Badimalika Temple is a Hindu temple. It is located in Triveni Municipality, Bajura district of Sudurpashchim Province. It is one of the major temples in Nepal. It is dedicated to Bhagwati. Malika Chaturdashi is its major festival. It is served by two priests, one representing the Kalikot district, and the other Bajura district .

Story

According to Hindu legend, when Sati Devi's father Daksha Prajapati was performing a yagya, he invited all the Gods except Mahadev to the ceremony. Sati went to her father's yagya ceremony and asked him why he had not invited her husband. Daksha Prajapati answered that Mahadev drank alcohol, smoked ganja, slept in cemeteries, wore a serpent around his neck, had dreadlocks, covered his body with ash, and wore tiger hide, hence he was unsuitable to attend such an important yagya. Unable to tolerate this insult to her husband, Sati jumped into the yagya fire and gave up her life.
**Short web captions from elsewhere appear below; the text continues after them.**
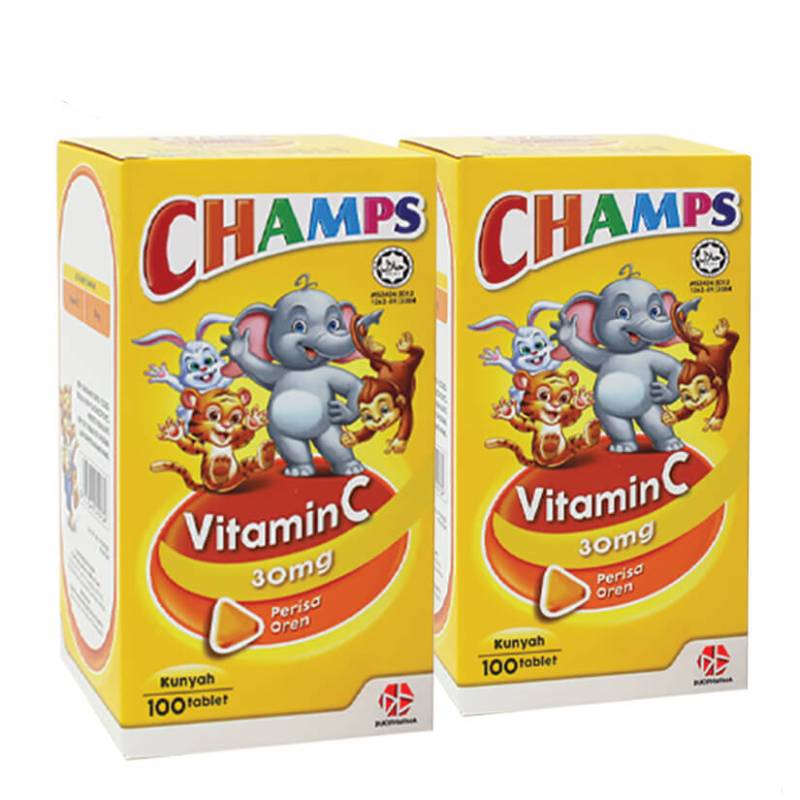 Champs Vitamin C 30mg Chewable Tablet (Orange) 100s - DoctorOnCall Farmasi Online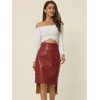 INSPIRE CHIC Women's High Low Hem Belted High Waist Side Button Decor Faux-Leather Skirt - 3 of 4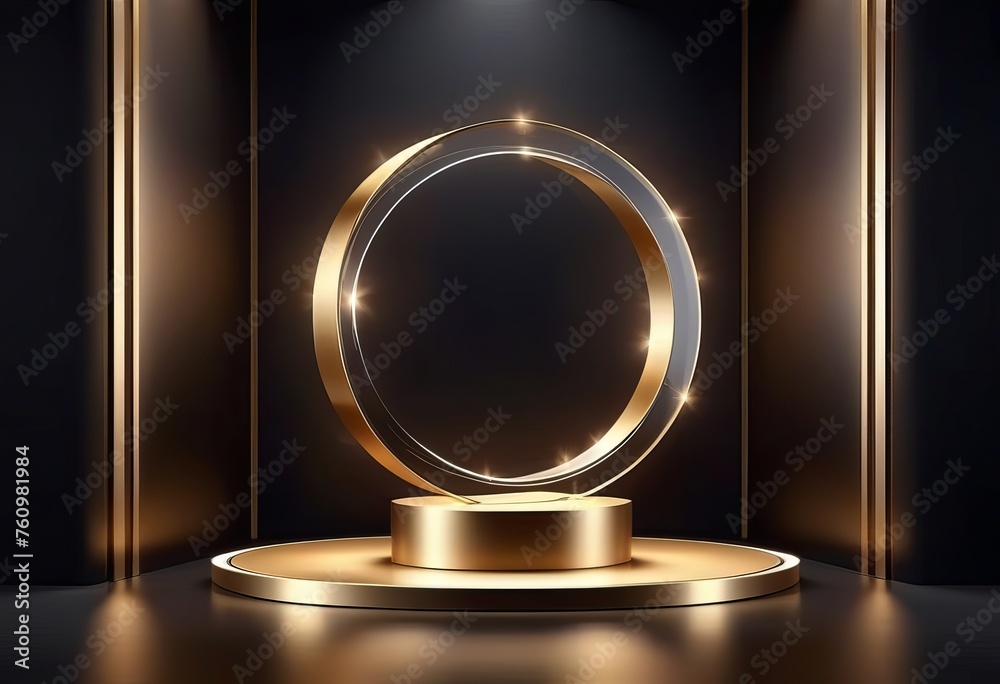 3D realistic studio room luxury minimal style shiny golden metallic podium stand with circle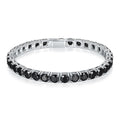 925 Sterling Silver Iced Out Moissanite Bracelet 4mm 5mm Black Moissanite Tennis Chain Wholesale Price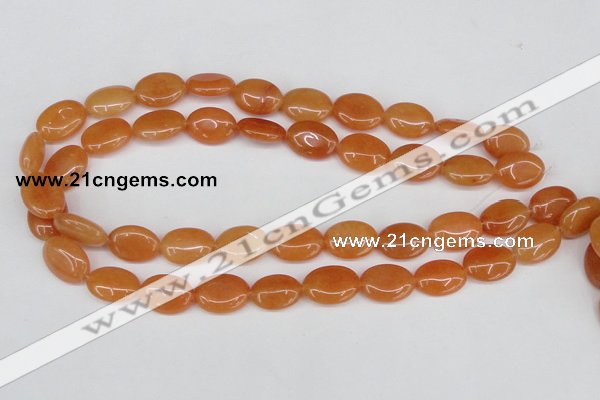 CAJ161 15.5 inches 13*18mm oval red aventurine jade beads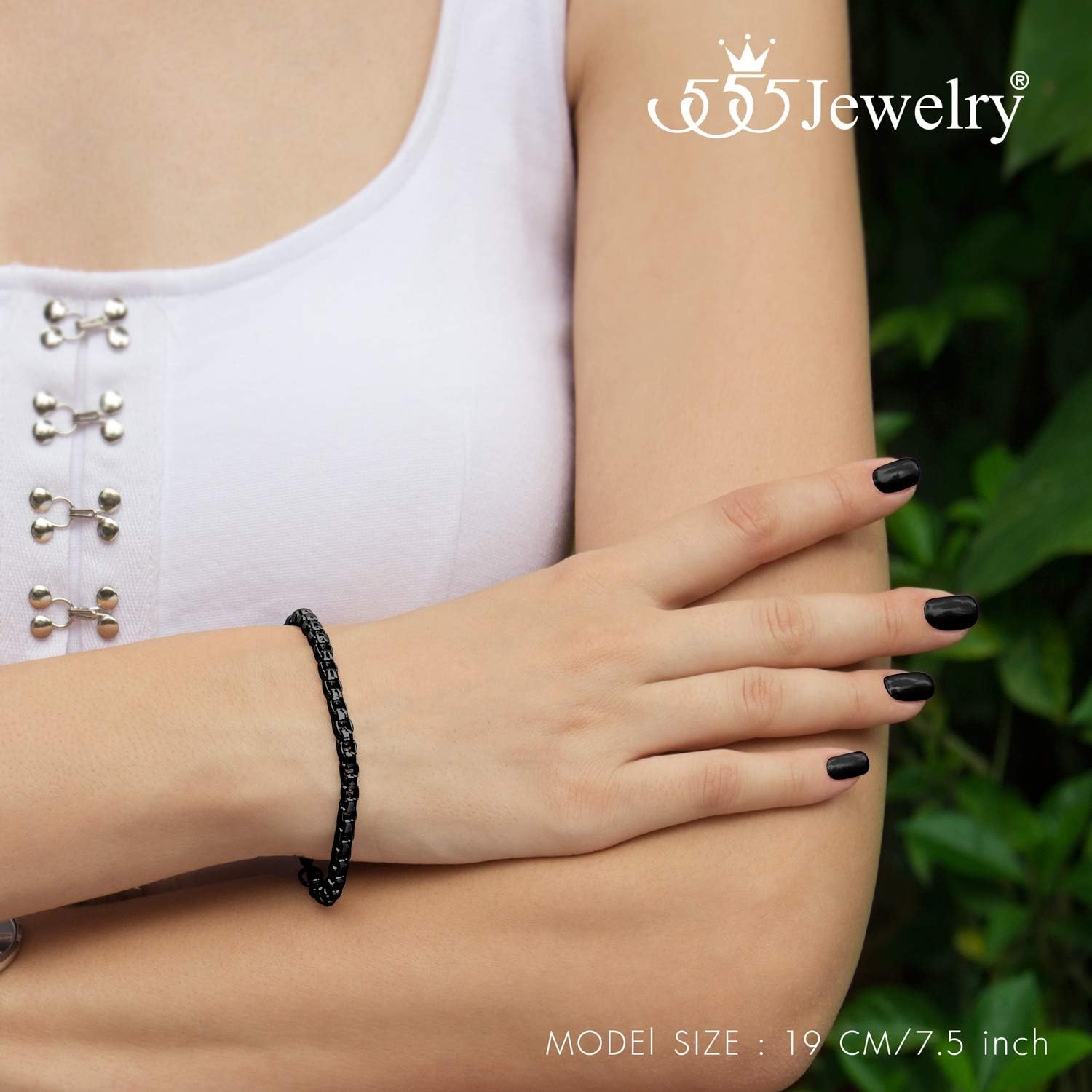 image:image555Jewelry 5mm Stainless Steel Box Chain Bracelet for Men amp Women 65 to 9 InchBlack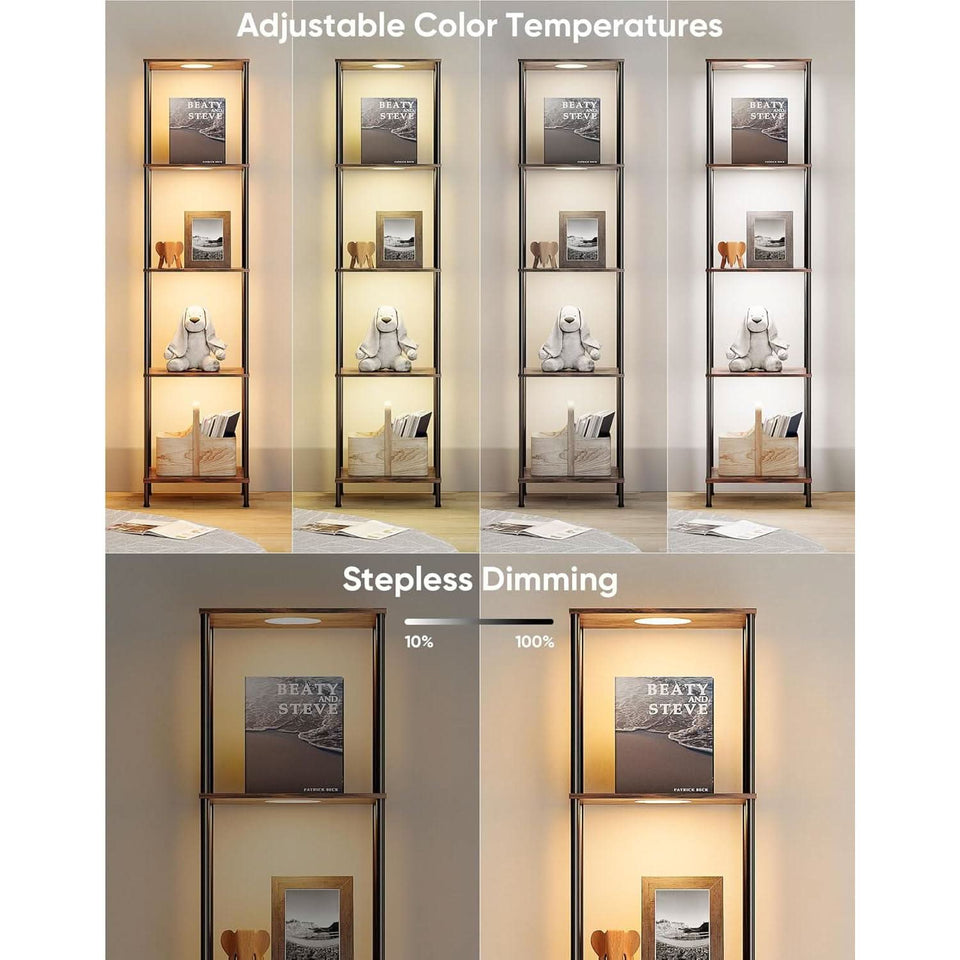 Display Shelf With RGBW Light Floor Lamp 5 Tier Brown
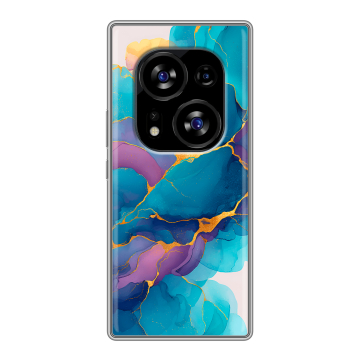 Силиконовый чехол на Tecno Phantom X2 с принтом Мрамор блестки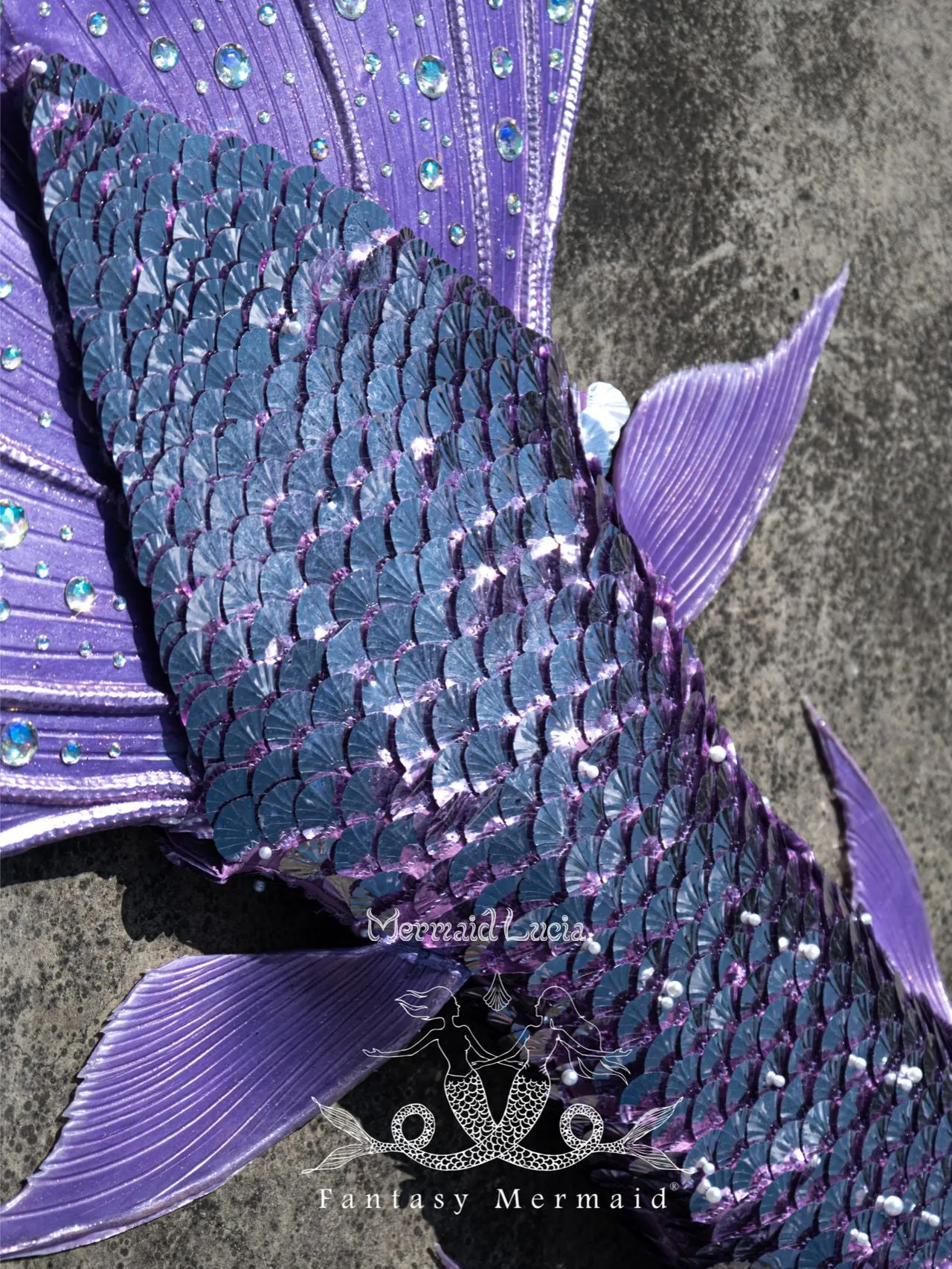 Fantasy Luxurious Haute Couture Royal Purple Silicone Mermaid Merman Tail with Monofin for Diving Swimming Cosplay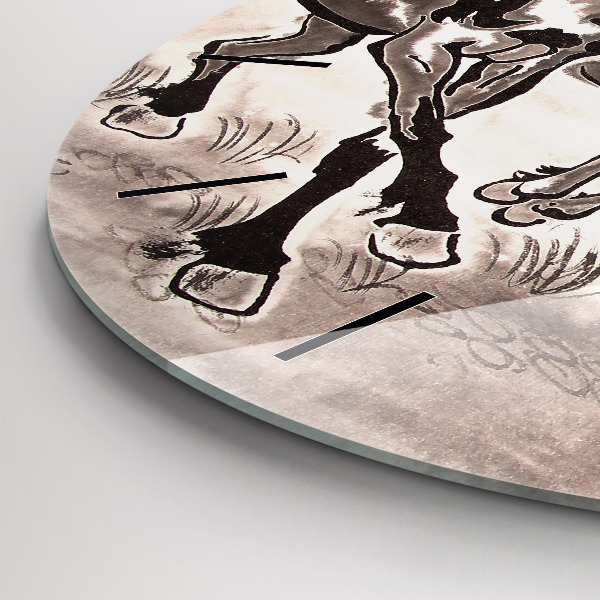 Round glass wall clock Galloping horses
Mahadev was so angered by her death that he sent Birbhadra and Bhoot gana to kill Daksha Prajapati and destroy the yagya. After exacting his vengeance, Mahadev started to mourn his wife. Mahadev traveled across the world carrying Sati's corpse. During this time, Vishnu released his Sudarshan chakra and wounded Sati's body so that it could be infested by insects and rot. As Sati's body started to disintegrate, the ground on which her body parts fell became Shakti Peethas, places of worship. In this process, her left shoulder fell on the Mallagiri mountain. Mallagiri was then referred to as Malika.